Читая статью Белинского, мы должны помнить, что, говоря о Кавказе, ставшем колыбелью лермонтовской поэзии, великий критик имел в виду не одни «Дары Терека», но прежде всего «Мцыри» и «Демона», по поводу которых он и писал это. Отсюда видно, какое значение придавал Белинский кавказским впечатлениям Лермонтова, а тем самым — можем мы сделать вывод — его пребыванию в Грузии.
В 1837 году Аким Акимович Хастатов в чине поручика лейб-гвардии Семеновского полка состоял адъютантом при начальнике штаба войск Кавказской линии в Ставрополе.

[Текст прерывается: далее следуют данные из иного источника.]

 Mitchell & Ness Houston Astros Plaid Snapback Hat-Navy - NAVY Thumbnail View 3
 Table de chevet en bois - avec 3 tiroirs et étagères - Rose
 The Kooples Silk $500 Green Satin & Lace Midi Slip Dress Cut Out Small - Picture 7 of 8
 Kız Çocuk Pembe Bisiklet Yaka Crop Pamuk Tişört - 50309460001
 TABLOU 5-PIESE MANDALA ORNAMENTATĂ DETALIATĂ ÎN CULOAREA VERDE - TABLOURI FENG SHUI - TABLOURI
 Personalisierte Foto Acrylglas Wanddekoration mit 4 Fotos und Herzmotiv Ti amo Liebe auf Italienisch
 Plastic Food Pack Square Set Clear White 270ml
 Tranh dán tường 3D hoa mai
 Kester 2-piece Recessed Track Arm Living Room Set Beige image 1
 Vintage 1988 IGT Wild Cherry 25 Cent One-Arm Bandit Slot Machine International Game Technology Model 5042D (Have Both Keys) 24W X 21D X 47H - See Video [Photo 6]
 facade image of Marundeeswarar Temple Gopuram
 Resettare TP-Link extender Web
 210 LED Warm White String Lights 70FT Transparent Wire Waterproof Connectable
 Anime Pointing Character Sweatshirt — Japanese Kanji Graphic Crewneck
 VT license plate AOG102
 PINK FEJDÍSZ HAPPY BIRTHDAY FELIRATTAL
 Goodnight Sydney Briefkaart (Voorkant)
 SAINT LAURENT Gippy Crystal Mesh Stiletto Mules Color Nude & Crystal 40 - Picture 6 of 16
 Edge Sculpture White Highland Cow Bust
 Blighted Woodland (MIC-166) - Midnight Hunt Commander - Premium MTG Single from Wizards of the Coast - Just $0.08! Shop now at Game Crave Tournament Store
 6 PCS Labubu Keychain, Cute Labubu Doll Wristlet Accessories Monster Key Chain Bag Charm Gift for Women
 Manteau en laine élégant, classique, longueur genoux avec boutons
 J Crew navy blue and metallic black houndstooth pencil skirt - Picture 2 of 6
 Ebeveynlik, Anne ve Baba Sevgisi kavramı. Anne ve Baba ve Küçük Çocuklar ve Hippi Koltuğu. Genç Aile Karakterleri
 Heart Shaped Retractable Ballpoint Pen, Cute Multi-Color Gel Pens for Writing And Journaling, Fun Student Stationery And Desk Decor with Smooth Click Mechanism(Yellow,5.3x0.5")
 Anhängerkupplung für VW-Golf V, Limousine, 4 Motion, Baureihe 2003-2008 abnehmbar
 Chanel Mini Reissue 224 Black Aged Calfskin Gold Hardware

Там, следовательно, Лермонтов и встретился с ним, когда следовал через Ставрополь в Нижегородский драгунский полк.
Прослужив несколько лет в Семеновском полку, в Петербурге, Хастатов с 1832 по 1835 год находился в отставке, жил в своем Шелкозаводском и, выезжая на Линию вместе с казаками на все тревоги, прослыл отчаянным храбрецом. Гарцевал он под пулями в штатском платье, в круглой соломенной шляпе, без оружия, с одним хлыстиком, немало удивляя своим видом казаков и, очевидно, еще более удивляя чеченцев, для которых он служил отличной мишенью. На своих визитных карточках, гордясь тем, что живет на «переднем крае», Хастатов писал вместо звания: «Передовой помещик Российской империи». Вообще о нем ходило множество анекдотов.
В 1835 году он снова определился в Семеновский полк, но с назначением состоять адъютантом начальника штаба линейных войск в Ставрополе[776]. Эту должность, как мы знаем, занимал в то время генерал-майор Павел Иванович Петров, женатый на сестре Хастатова.